Take the line containing "Item preview, Malayan" and every line after it in the data below, and print them exactly as given, with nothing else.
Data excerpts below:
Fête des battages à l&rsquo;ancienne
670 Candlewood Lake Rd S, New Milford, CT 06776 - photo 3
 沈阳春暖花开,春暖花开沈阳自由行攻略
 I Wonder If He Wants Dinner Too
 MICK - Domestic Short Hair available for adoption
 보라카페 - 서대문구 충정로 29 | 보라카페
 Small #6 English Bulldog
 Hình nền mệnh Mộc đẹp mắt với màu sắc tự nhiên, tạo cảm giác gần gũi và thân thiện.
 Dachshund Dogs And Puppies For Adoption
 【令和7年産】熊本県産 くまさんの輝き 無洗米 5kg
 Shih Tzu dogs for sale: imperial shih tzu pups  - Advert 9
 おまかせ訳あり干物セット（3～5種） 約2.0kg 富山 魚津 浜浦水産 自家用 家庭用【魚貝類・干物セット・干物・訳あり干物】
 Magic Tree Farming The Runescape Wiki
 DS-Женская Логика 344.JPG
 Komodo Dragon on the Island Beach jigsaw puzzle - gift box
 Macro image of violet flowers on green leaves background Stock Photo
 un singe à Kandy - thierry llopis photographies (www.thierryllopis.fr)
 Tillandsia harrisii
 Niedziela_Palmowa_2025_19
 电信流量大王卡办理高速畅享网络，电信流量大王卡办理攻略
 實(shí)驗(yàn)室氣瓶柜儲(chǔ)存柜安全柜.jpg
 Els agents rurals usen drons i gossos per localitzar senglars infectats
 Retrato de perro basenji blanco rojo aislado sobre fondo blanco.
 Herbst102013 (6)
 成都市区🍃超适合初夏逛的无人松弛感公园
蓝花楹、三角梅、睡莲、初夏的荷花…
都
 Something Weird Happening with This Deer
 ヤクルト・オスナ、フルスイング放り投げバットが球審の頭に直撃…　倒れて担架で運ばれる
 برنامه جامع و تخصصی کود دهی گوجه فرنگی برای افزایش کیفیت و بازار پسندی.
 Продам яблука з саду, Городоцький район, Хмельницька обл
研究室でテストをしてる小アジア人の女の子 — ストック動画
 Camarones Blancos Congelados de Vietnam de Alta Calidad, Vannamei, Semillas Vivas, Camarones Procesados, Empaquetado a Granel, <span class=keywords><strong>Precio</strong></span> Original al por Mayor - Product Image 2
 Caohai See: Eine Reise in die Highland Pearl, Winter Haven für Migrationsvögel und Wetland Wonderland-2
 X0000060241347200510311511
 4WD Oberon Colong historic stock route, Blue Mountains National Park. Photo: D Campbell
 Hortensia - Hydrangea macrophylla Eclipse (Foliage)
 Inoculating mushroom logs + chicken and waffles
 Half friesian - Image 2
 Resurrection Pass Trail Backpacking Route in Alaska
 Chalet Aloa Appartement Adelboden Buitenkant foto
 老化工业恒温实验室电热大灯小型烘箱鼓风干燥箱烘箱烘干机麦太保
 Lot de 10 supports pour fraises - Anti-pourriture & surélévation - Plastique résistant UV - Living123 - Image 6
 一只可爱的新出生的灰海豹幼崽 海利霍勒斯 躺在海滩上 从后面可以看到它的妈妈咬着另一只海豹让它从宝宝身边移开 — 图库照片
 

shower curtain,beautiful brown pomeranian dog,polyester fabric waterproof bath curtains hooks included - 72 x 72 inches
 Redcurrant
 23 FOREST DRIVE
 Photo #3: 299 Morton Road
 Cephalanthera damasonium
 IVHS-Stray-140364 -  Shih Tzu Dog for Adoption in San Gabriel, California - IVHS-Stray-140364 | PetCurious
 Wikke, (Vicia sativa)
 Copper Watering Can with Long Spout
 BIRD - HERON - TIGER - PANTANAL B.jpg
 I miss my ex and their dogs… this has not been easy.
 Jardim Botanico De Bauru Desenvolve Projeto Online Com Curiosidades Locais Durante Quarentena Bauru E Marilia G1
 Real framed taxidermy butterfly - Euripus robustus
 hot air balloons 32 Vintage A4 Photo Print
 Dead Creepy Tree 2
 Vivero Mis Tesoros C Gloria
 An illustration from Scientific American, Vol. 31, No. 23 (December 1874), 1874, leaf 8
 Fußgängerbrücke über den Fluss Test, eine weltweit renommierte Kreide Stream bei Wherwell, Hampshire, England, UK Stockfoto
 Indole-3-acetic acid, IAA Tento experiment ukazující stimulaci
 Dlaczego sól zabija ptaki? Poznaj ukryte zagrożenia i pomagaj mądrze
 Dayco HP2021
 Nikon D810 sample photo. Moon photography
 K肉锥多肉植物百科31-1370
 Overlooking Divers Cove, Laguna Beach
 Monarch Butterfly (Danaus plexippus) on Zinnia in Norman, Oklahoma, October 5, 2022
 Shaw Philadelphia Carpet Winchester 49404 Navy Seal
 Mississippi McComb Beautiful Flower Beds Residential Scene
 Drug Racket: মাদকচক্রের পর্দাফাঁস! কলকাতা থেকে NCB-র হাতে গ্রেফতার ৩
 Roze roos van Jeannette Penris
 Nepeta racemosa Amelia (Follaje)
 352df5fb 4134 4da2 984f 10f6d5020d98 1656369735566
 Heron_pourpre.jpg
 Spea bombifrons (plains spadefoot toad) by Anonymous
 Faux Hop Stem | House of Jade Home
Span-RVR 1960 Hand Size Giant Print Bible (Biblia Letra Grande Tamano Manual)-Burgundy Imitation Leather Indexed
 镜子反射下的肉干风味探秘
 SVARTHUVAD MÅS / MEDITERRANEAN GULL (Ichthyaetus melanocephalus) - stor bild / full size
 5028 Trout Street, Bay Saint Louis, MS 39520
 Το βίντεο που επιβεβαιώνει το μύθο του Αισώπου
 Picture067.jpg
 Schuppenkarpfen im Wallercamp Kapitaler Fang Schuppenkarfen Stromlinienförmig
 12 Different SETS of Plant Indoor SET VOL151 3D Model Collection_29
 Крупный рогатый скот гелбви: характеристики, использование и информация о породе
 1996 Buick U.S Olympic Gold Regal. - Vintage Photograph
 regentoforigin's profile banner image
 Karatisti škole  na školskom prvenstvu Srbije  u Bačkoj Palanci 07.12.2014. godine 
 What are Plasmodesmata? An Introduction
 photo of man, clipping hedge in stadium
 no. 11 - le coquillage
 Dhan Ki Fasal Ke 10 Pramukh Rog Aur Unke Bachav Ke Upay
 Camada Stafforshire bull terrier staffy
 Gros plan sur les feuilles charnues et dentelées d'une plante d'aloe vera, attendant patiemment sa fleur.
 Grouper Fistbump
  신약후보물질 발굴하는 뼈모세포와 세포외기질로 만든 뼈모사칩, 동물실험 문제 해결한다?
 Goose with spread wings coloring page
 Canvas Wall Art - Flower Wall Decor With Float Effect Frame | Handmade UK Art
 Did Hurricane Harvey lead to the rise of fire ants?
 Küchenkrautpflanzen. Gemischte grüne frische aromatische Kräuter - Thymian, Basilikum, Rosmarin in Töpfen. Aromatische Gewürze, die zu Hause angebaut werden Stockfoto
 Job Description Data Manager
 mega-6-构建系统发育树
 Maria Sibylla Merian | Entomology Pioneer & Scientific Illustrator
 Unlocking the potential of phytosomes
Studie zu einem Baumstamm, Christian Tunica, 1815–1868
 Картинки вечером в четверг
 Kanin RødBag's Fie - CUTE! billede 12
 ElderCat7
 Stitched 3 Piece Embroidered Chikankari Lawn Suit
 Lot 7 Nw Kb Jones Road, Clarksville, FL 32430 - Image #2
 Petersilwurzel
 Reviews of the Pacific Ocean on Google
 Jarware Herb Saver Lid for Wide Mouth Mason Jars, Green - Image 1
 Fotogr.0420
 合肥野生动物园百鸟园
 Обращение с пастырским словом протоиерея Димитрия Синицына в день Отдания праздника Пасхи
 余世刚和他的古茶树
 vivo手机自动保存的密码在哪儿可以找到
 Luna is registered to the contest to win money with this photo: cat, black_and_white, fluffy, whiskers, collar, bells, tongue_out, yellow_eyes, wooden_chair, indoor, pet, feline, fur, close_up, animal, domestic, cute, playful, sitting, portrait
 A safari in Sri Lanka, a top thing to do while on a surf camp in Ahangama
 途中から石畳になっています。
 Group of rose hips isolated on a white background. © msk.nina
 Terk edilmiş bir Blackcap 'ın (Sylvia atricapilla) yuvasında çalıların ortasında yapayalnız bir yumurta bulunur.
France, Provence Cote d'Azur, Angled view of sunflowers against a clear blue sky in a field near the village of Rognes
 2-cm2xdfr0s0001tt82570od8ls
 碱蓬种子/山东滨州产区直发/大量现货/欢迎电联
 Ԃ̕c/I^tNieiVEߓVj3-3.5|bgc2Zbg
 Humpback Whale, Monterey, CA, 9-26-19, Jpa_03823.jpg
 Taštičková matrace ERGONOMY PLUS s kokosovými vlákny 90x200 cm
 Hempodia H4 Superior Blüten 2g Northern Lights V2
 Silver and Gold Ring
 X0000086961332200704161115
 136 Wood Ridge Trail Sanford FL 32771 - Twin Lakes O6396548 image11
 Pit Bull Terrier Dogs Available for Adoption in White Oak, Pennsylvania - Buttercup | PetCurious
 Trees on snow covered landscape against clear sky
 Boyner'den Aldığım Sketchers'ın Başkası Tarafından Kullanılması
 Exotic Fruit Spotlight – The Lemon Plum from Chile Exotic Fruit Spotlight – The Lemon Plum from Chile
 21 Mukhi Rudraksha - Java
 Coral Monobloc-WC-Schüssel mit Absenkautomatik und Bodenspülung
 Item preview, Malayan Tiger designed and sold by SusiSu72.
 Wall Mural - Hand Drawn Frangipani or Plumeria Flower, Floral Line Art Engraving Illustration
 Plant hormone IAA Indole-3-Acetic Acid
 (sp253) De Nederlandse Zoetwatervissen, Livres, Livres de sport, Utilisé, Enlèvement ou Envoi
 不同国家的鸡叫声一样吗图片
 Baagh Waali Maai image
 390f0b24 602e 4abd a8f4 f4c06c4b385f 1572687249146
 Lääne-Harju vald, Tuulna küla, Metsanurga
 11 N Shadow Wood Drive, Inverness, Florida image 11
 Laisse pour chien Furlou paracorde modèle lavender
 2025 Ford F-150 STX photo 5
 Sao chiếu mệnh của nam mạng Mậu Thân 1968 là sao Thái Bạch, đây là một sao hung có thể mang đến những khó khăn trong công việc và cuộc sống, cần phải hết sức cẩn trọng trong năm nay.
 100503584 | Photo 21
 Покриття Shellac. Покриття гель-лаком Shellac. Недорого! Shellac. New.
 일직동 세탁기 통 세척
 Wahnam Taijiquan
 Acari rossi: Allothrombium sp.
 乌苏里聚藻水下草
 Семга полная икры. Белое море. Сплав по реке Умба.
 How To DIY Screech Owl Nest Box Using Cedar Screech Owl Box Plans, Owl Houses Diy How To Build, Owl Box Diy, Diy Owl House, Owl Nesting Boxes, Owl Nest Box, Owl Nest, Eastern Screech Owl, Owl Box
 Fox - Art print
End of Data excerpts.
# Answer section:
 Item preview, Malayan Tiger designed and sold by SusiSu72.
 Wall Mural - Hand Drawn Frangipani or Plumeria Flower, Floral Line Art Engraving Illustration
 Plant hormone IAA Indole-3-Acetic Acid
 (sp253) De Nederlandse Zoetwatervissen, Livres, Livres de sport, Utilisé, Enlèvement ou Envoi
 不同国家的鸡叫声一样吗图片
 Baagh Waali Maai image
 390f0b24 602e 4abd a8f4 f4c06c4b385f 1572687249146
 Lääne-Harju vald, Tuulna küla, Metsanurga
 11 N Shadow Wood Drive, Inverness, Florida image 11
 Laisse pour chien Furlou paracorde modèle lavender
 2025 Ford F-150 STX photo 5
 Sao chiếu mệnh của nam mạng Mậu Thân 1968 là sao Thái Bạch, đây là một sao hung có thể mang đến những khó khăn trong công việc và cuộc sống, cần phải hết sức cẩn trọng trong năm nay.
 100503584 | Photo 21
 Покриття Shellac. Покриття гель-лаком Shellac. Недорого! Shellac. New.
 일직동 세탁기 통 세척
 Wahnam Taijiquan
 Acari rossi: Allothrombium sp.
 乌苏里聚藻水下草
 Семга полная икры. Белое море. Сплав по реке Умба.
 How To DIY Screech Owl Nest Box Using Cedar Screech Owl Box Plans, Owl Houses Diy How To Build, Owl Box Diy, Diy Owl House, Owl Nesting Boxes, Owl Nest Box, Owl Nest, Eastern Screech Owl, Owl Box
 Fox - Art print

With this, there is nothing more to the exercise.